4.1 Introduction
When we collect data, it is almost never possible to collect data on the entire population. For instance, if we want to study the habits of people who shop at Checkers, it will not be feasible to send out a survey to everyone in South Africa who has ever shopped at Checkers. When we collect data on a subset of the population, this is called a sample. In cases where we are able to collect data on the whole population, this is called a census. The table below highlights the differences between censuses and samples.

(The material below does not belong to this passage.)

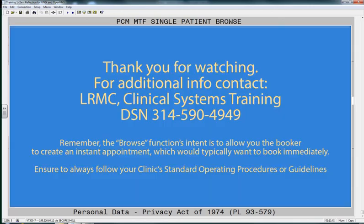Thank you so much for watching. You can get help at 314-590-4949. And remember, use your clinic standard operating procedures. Do not work on your own — always follow the guidelines.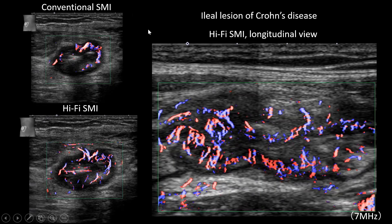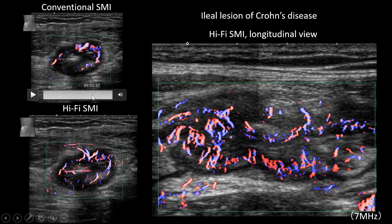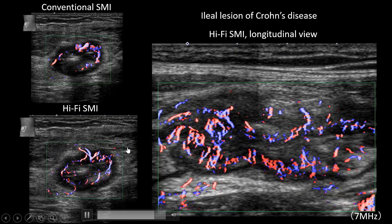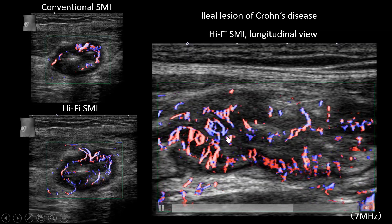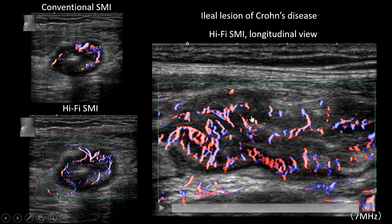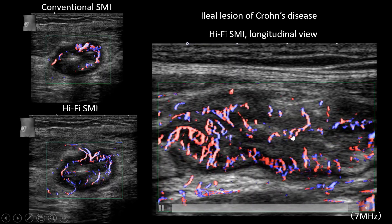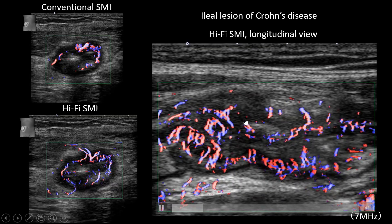This is ileal Crohn's disease. By conventional SMI you can see the intramural blood flow. Hi-Fi SMI shows many more vessels. In this longitudinal view of the lesion, you can see that this portion of the patient's bowel tract has severe inflammation.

## Warning: package 'knitr' was built under R version 4.3.3
| Census | Sample | |
| Definition | A complete enumeration of every individual in a population. | A subset of individuals selected from a population. |
| Coverage | Includes the entire population. | Includes only a portion of the population. |
| Time | Can be very time-consuming due to large-scale data collection. | Requires less time since data is collected on fewer individuals. |
| Cost | Usually quite expensive. | Less expensive. |
| Accuracy | Accurate if data is collected properly, but errors can still occur. | May have some sampling error*. |
| Feasibility | Difficult for large populations. | More practical, especially if the population is large. |
Sampling error will be explained in a later section.
Although it is generally true that more data is better, there are many reasons to take a sample rather than a census. This includes time and financial constraints, as well as feasibility. For example, when taking a geological survey, it is really not feasible to measure the soil at every location in an area! As long as the sample is unbiased and representative, samples can be very informative and helpful.